WORK ORDER:
What is needed is an exact copy of the data below, pictures excluded.

──────── COLLECTED DATA ────────

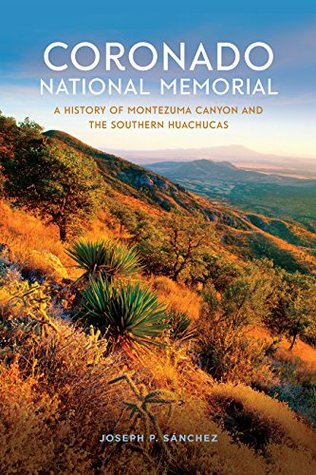 Read Coronado National Memorial: A History of Montezuma Canyon and the Southern Huachucas (America's National Parks) - Joseph P. Sánchez | ePub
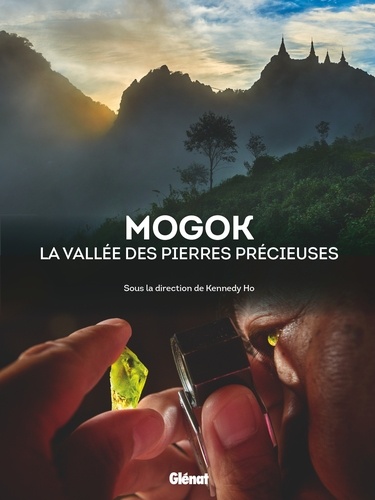 Mogok. La vallée des pierres précieuses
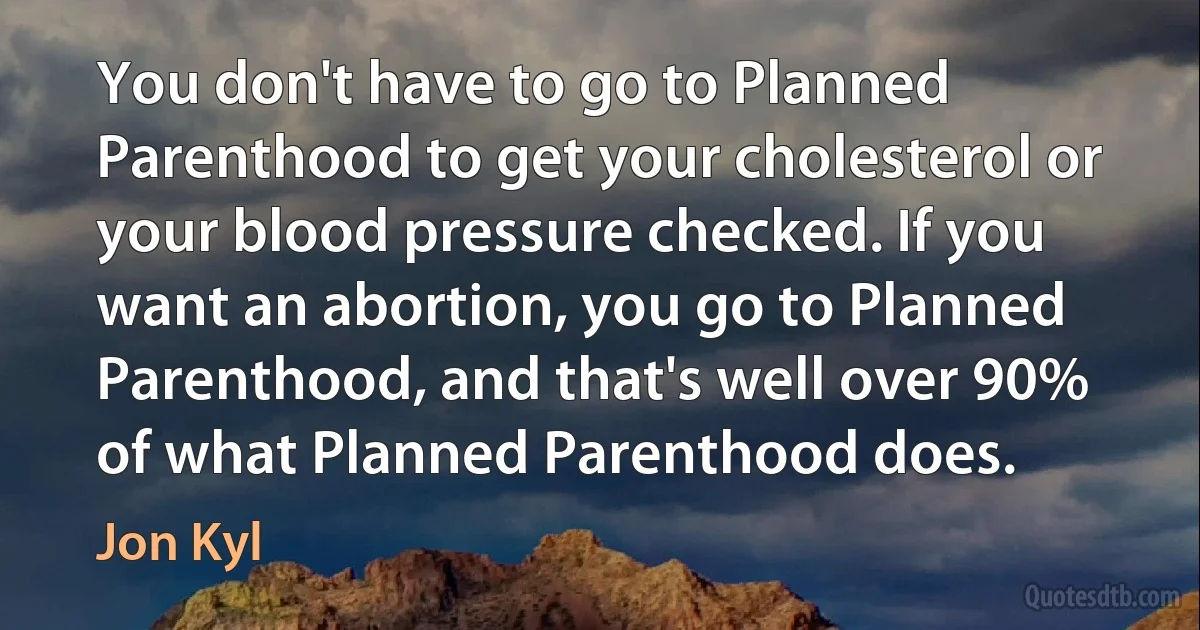 You don't have to go to Planned Parenthood to get your cholesterol or your blood pressure checked. If you want an abortion, you go to Planned Parenthood, and that's well over 90% of what Planned Parenthood does. (Jon Kyl)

────────

RESULT OF THIS TASK:
 Read Coronado National Memorial: A History of Montezuma Canyon and the Southern Huachucas (America's National Parks) - Joseph P. Sánchez | ePub
 Mogok. La vallée des pierres précieuses
 You don't have to go to Planned Parenthood to get your cholesterol or your blood pressure checked. If you want an abortion, you go to Planned Parenthood, and that's well over 90% of what Planned Parenthood does. (Jon Kyl)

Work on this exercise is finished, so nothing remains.